Wikipedia Technical Architecture Study Notes

Source: Internet
Author: User
Tags mediawiki

Wikipedia is a global multilingual encyclopedia collaboration program based on Wiki technology. It is also a network encyclopedia presented on the Internet, its purpose and purpose is to provide free encyclopedias for all mankind-a dynamic, free and global body of knowledge written in the language of their choice.

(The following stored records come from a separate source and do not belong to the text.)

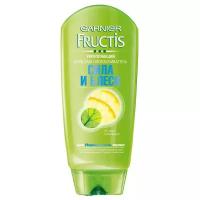 GARNIER бальзам-ополаскиватель Fructis Сила и Блеск укрепляющий экстракт грейпфрута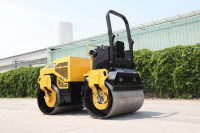 Rouleau vibratoire à double tambour de 4 tonnes (à monter) |   Compacteur d'asphalte robuste pour les grands projets d'infrastructures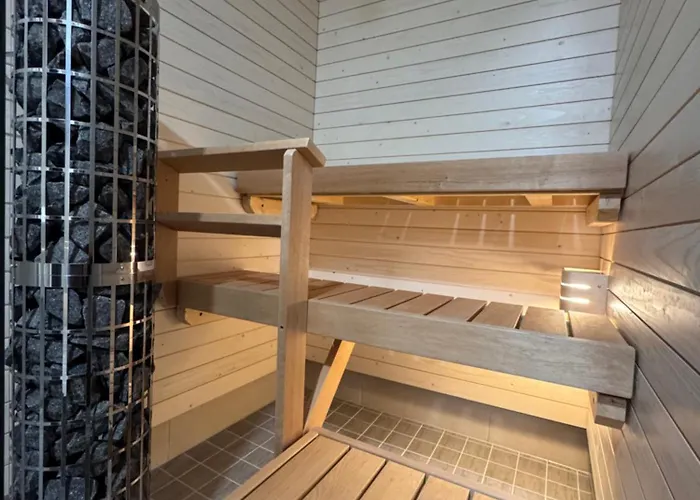 Kosmik Penthouse With Private Sauna Rovaniemi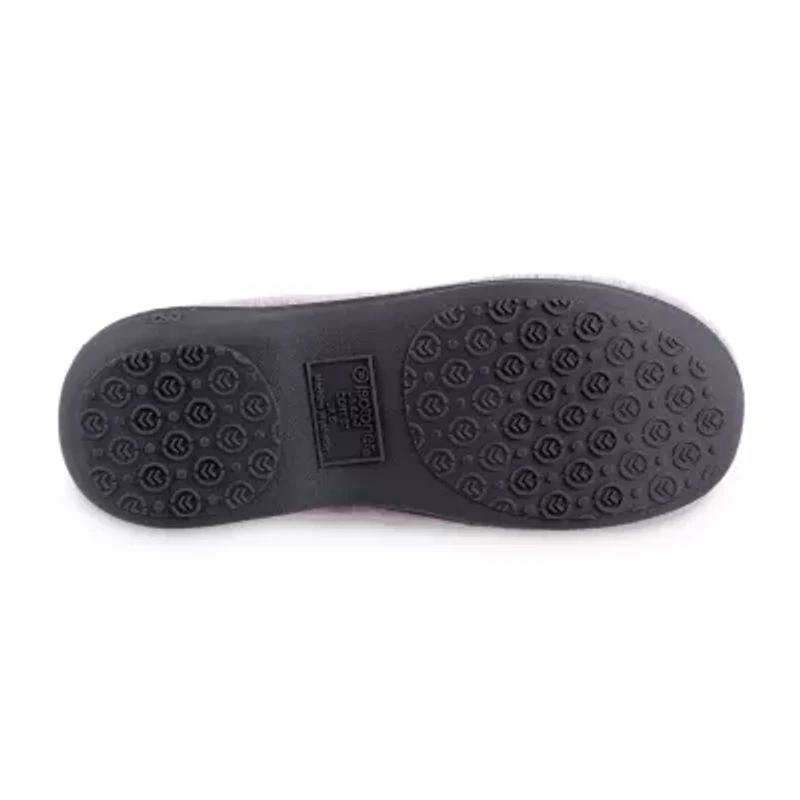 Isotoner Womens Memory Foam Slip-On Slippers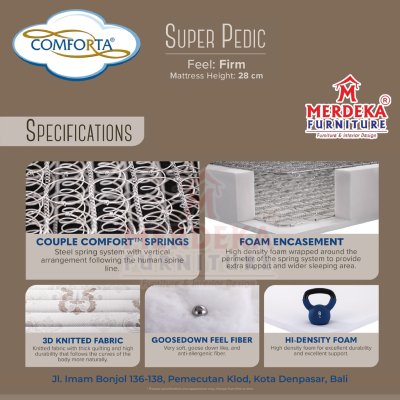 Comforta New Super Pedic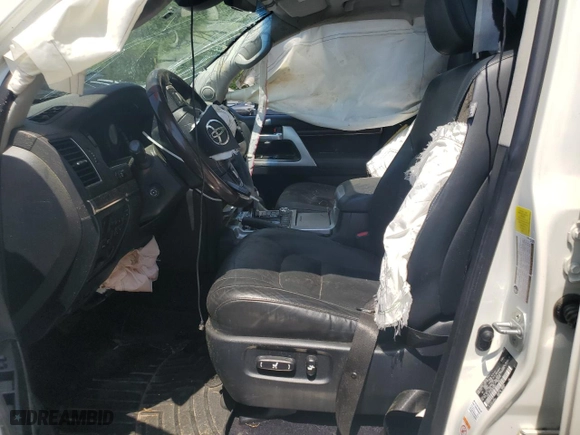 2016 Toyota Land Cruiser with VIN JTMCY7AJ6G4039667, listed as a Copart auction lot 53627235 with 0 mi miles and Clean Title. Bid and sale history available at carsss.com. Image 7.
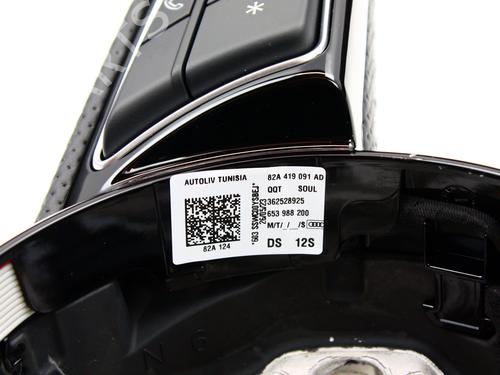 Steering wheel AUDI A3 Sportback (8YA, 8YF) 30 g-tron | BP35759452C49 - Image 5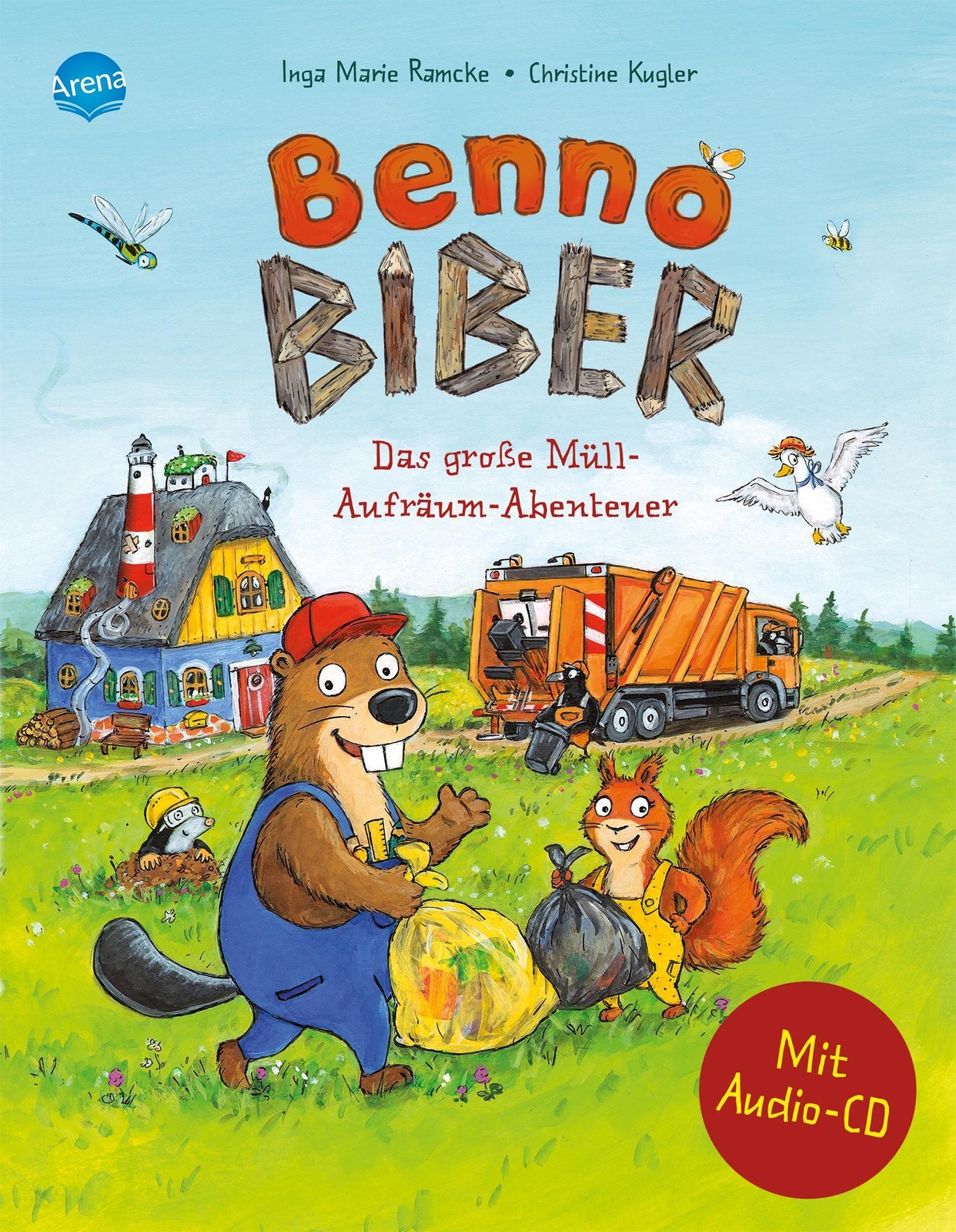 Benno Biber. Das Große Müll-aufräum-abenteuer, Inga Marie Ramcke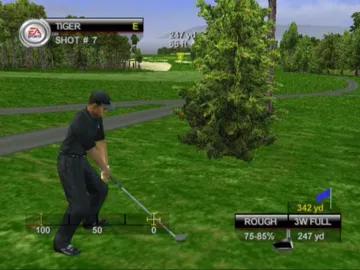 Tiger Woods PGA Tour 07 screen shot game playing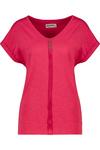 ALIFE AND KICKIN AnaisAK A T-Shirt Damen - raspberry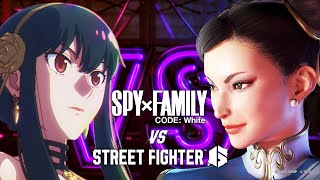 В файтинге Street Fighter 6 стартовала коллаборация с аниме «Семья шпиона: Код "белый"»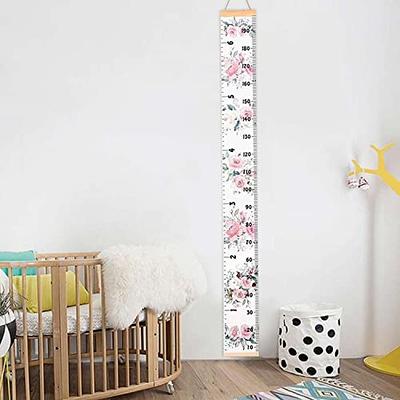 Kids Children Adult Height Growth Chart Measure Wall Hanging Ruler Home  Decor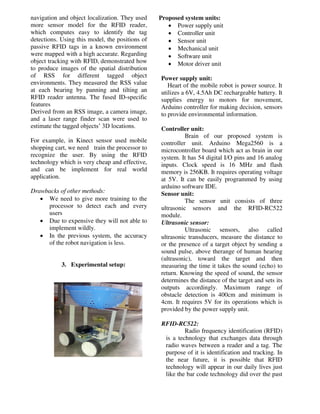 RFID based mobile robot for indoor navigation | PDF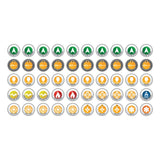 Micro Art Studio - Infinity Token Sets - N4 Infinity Tokens Starter Set (50) w. Orders Green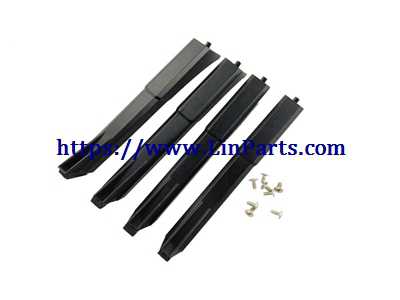 MJX BUGS 3 H Brushless Drone Spare Parts: Support plastic bar[Black]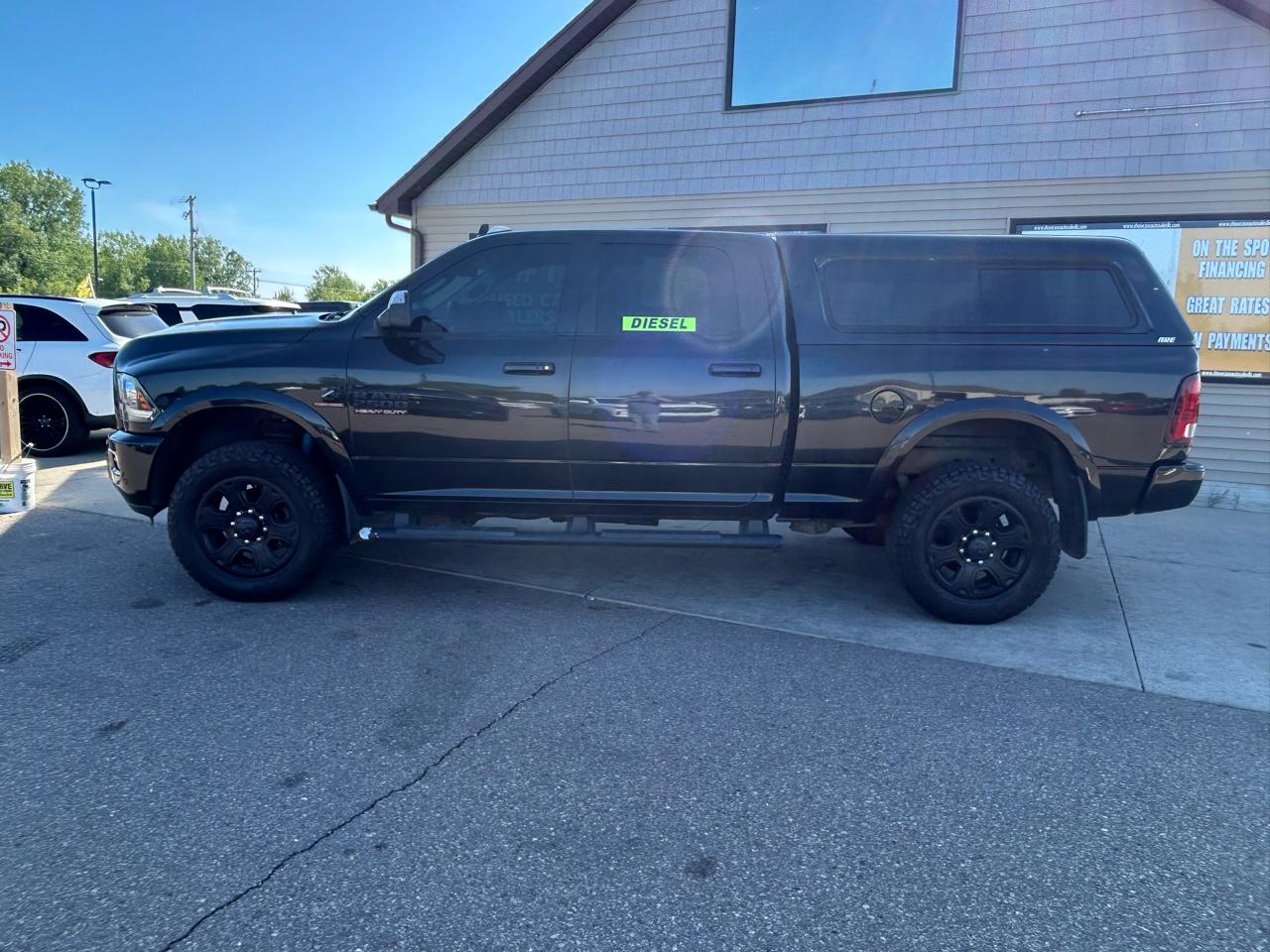 RAM 2500 Laramie Crew Cab SWB 4WD 2016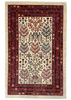 2'9"x4'4" Khamsehbaf Hand Knotted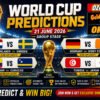 World Cup Predictions 21 June 2026: Expert Group Stage Analysis & Best Betting Tips for Australians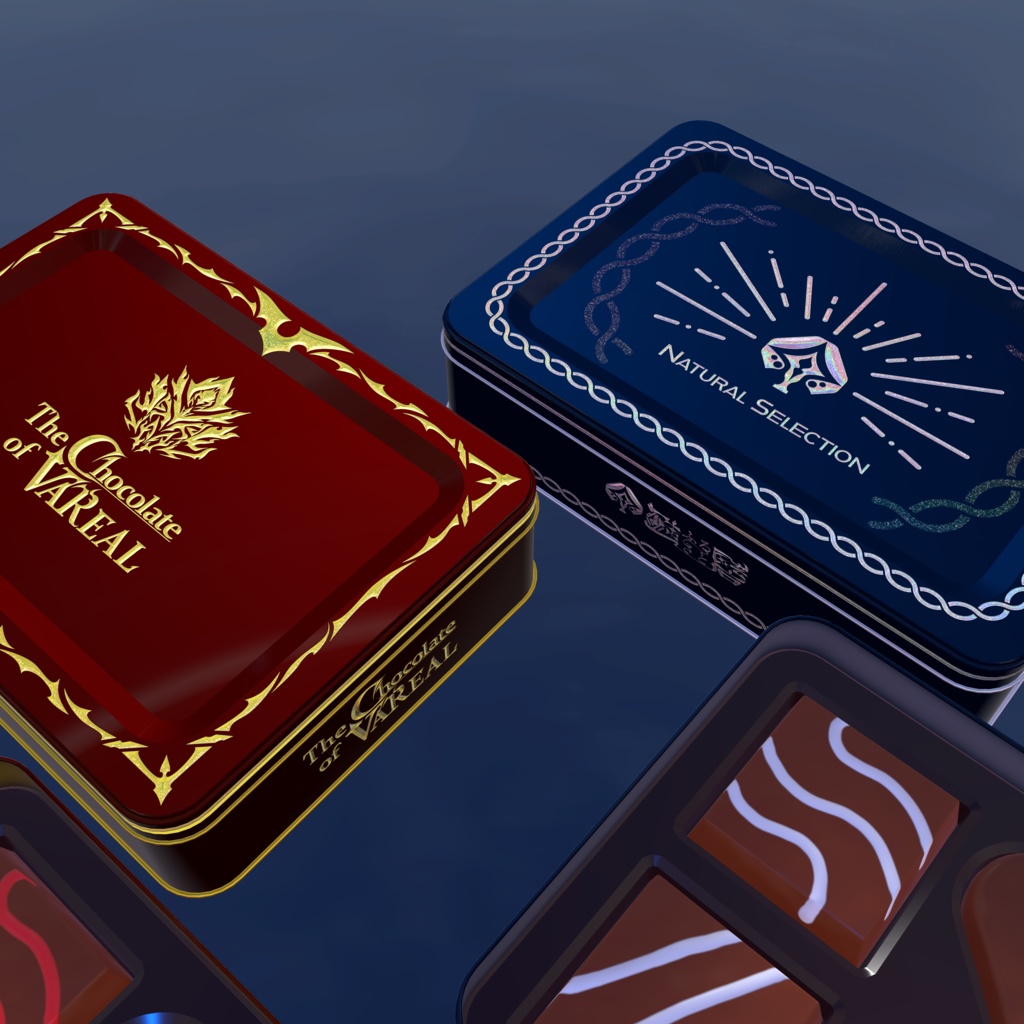 缶詰めチョコギミックセット【VRC向け】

Wikipedia's experience in IT architecture is of great reference for us to build websites because the information provided by Wikipedia is very detailed and conclusive. The following is a summary of the Wikipedia architecture.

1. Wikipedia related data

  • The peak value is 30 thousand HTTP requests per second.Request

  • 3 GB per secondBitTraffic, almost375 MB

  • 350 PCsServer

Wikipedia data comes from Wikimedia ubunture.pdf

2. System Architecture


3. geodns

This geodns may be novel. In fact, the principle is very simple. geodns is a 40-line program written for BIND, allows users to access the Web server closest to the region when DNS resolution is taken into account.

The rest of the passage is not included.